_ACTIVITY_. Your job is to retype the records exactly while dropping every picture.

_RECORDS FOR THIS TASK_.
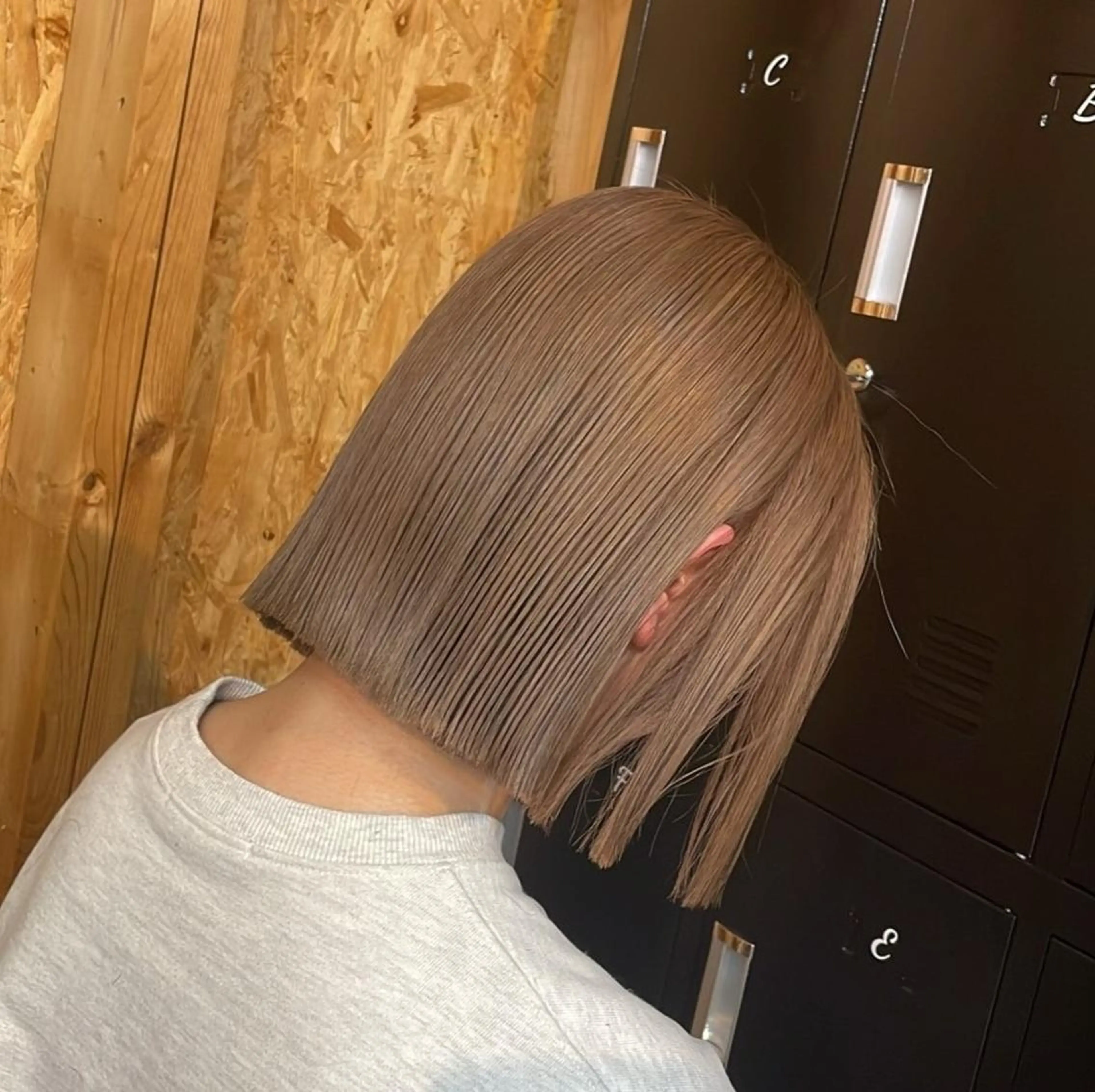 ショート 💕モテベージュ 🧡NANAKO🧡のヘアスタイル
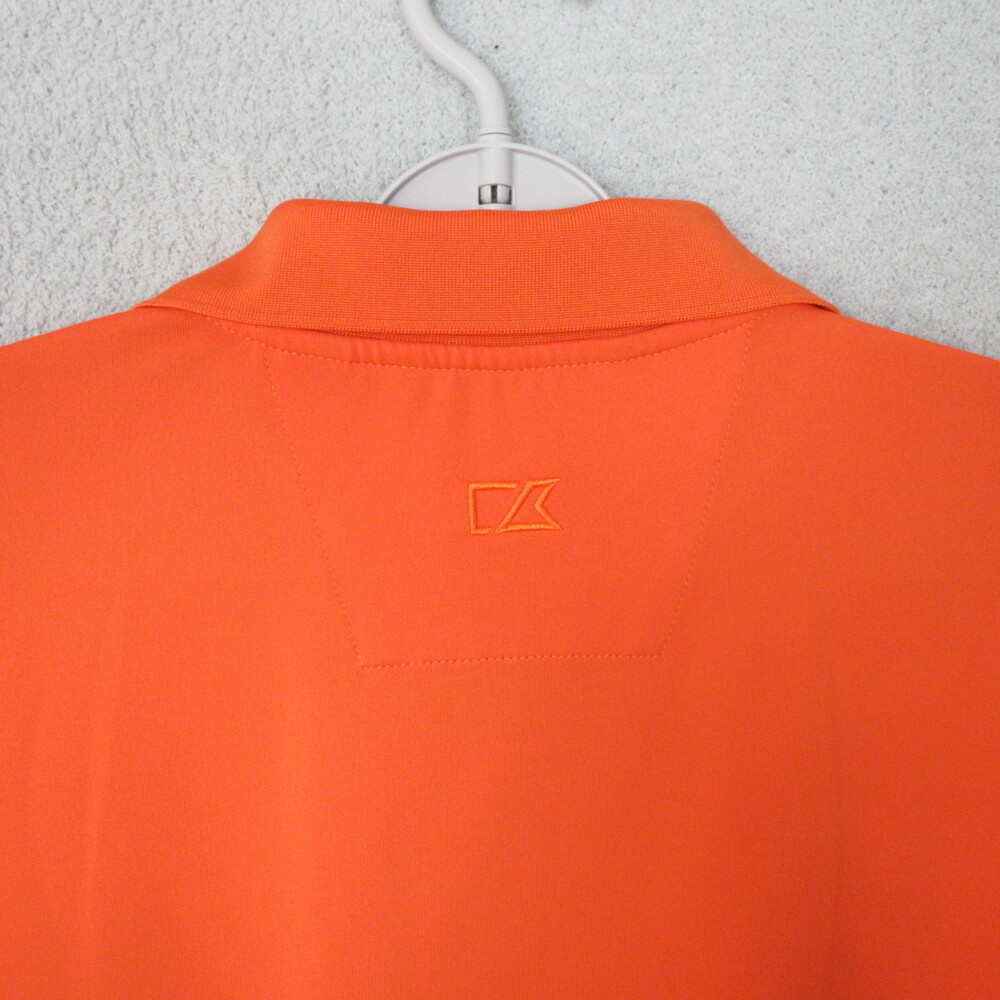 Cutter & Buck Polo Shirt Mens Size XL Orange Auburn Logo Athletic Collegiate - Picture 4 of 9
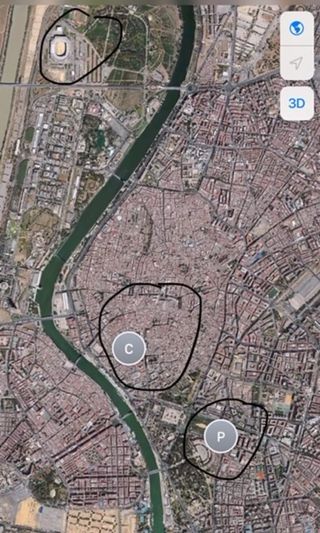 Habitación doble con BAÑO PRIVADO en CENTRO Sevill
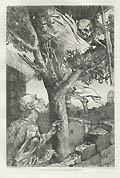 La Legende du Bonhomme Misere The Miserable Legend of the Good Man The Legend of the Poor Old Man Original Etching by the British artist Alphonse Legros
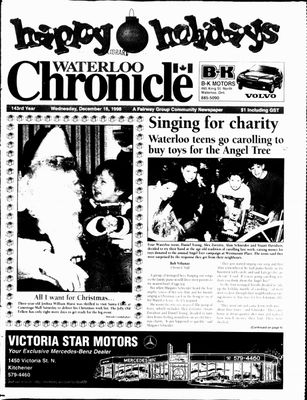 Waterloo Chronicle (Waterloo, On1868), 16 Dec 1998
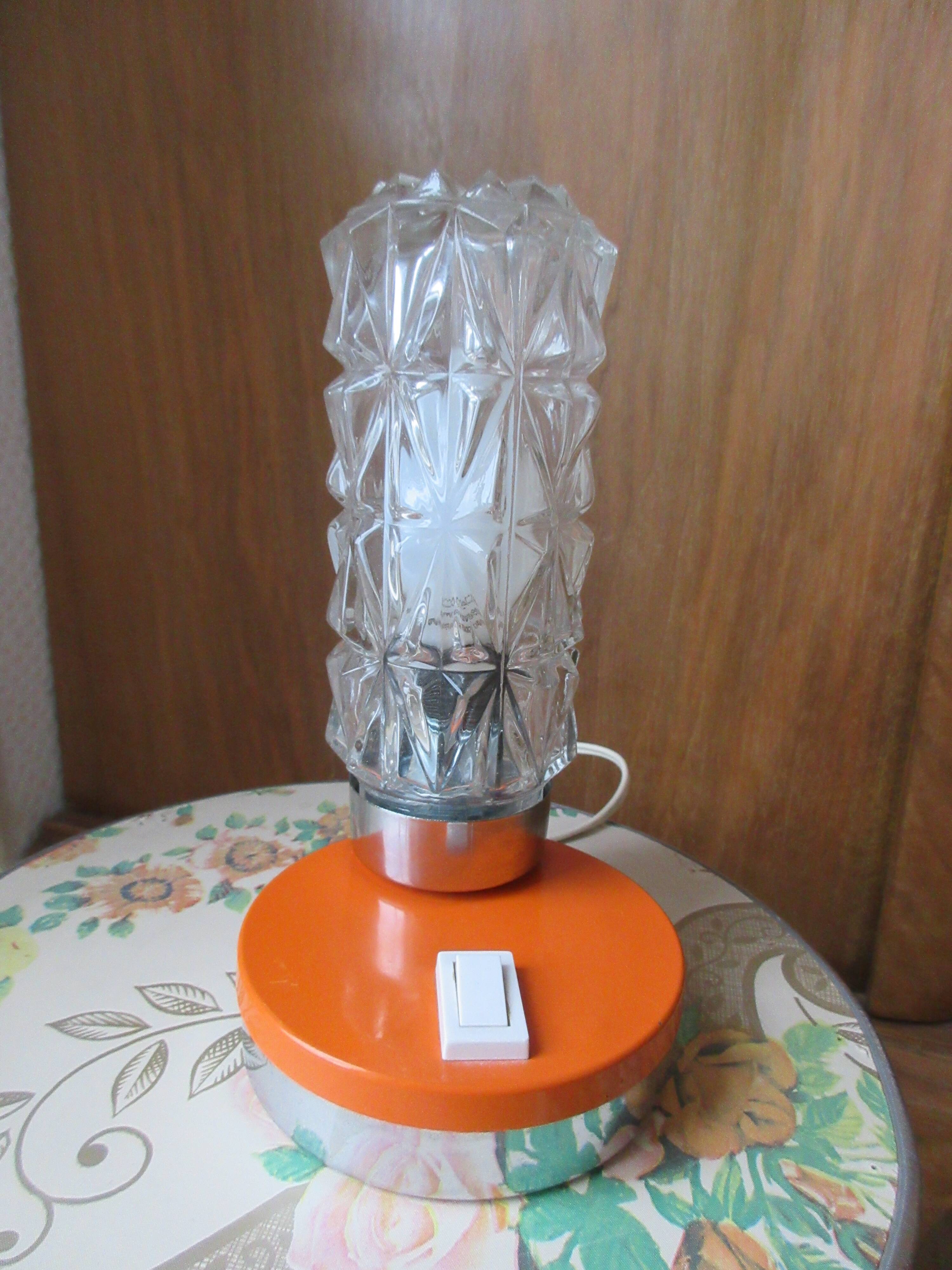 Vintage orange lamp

_ANSWER AREA_.
 ショート 💕モテベージュ 🧡NANAKO🧡のヘアスタイル
 Cutter & Buck Polo Shirt Mens Size XL Orange Auburn Logo Athletic Collegiate - Picture 4 of 9
 Habitación doble con BAÑO PRIVADO en CENTRO Sevill
 La Legende du Bonhomme Misere The Miserable Legend of the Good Man The Legend of the Poor Old Man Original Etching by the British artist Alphonse Legros
 Waterloo Chronicle (Waterloo, On1868), 16 Dec 1998
 Vintage orange lamp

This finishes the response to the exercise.